Во времена моего детства в детском доме была дедовщина - очень страшная и безнаказанная. Одним из «Пасхальных заданий» старших был сбор продуктов на кладбище (в родительскую субботу люди несли на помин конфеты, водку, фрукты). Когда старшие были младшими, их отправляли за съестным туда же, история повторялась. Только со временем я стал понимать, что поминание своих родителей - один из важнейших моментов для человека. Но тогда в голове был ветер и «задание» принести продукты в детский дом, где нас кормили однообразно и, прямо скажем, плохо. Так как в детском доме подобные походы за съестным стали уже традицией, повзрослев, мы продолжали в праздники наведываться к церкви за гостинцами. Сейчас я понимаю, что ничего плохого мы не делали, ведь люди приносили еду в помин, а значит, кто-то должен был ее съесть. Вороны не успевали, зато успевали мы. Иногда прямо к детскому дому подходили бабушки, местные жительницы, и щедро раздавали нам сладости. Видимо, узнав, что вечером в Пасху мы ходим с фонарями на кладбище, приносили нам то, что предназначалось для их ушедших в мир иной родственников.

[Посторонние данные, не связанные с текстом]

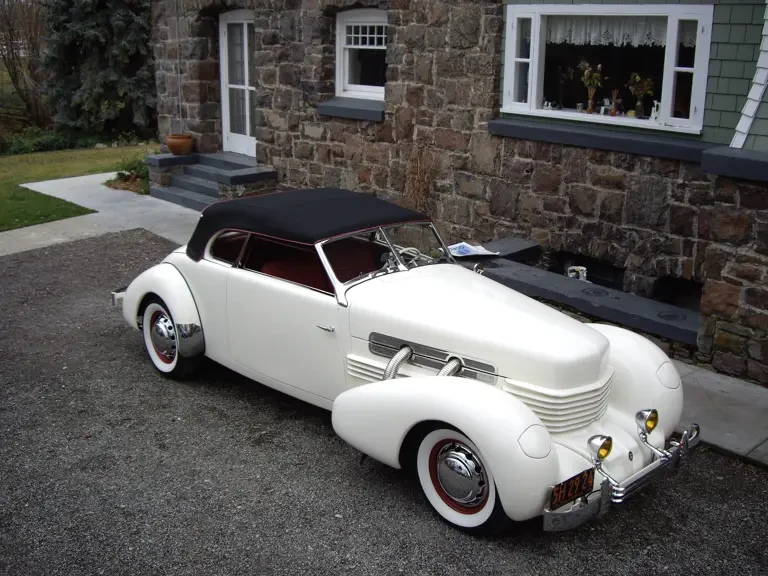 1937 Cord 810 & 812 - Image 2 of 2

Периодически местная милиция, которая зачем-то бдела в это время рядом с городским кладбищем, проводила на нас облавы. То ли интереса ради, то ли для галочки нас отлавливали и привозили в детский дом. После этого директриса строила все учреждение и устраивала «публичную порку». Нас выводили на середину зала и поливали оскорблениями с ног до головы. Мы, потупившись, молчали, хотя стоять на нашем месте должны были другие. Директриса кричала, что мы устраиваем столовую прямо на кладбище, что Бога нет, что еду на могилы своих близких несут недалекие люди. Мол, зачем они несут продукты, когда их можно съесть самим, дома? И много чего еще. Уже тогда ее речи вызывали у меня чувство протеста. В глубине души я знал: отношение к близким должно быть иным, добрым.
Вопрос отношения к родителям и близким очень актуален для воспитанников детского дома. По сути, это главный, судьбоносный вопрос ребячьей жизни. Положительный образ матери и отца, который берегли в своем сердце многие из нас, не смогли поколебать ни годы, проведенные в детском доме, ни отношение воспитателей, которые часто называли наших родителей негодяями и алкашами. Многие сироты верят, что мама и папа случайно потеряли своего ребенка, что у них все хорошо, и долгожданная встреча с семьей уже скоро. Ребенку-сироте важно иметь положительный образ мамы. И не только потому, что, выйдя из стен сиротского учреждения, ему предстоит вернуться в родительский дом или воспитывать собственных детей, но и для того, чтобы, придя на родную могилу (если так уж вышло), он мог оставить на ней краюху хлеба для птиц, бездомных и детдомовских детей.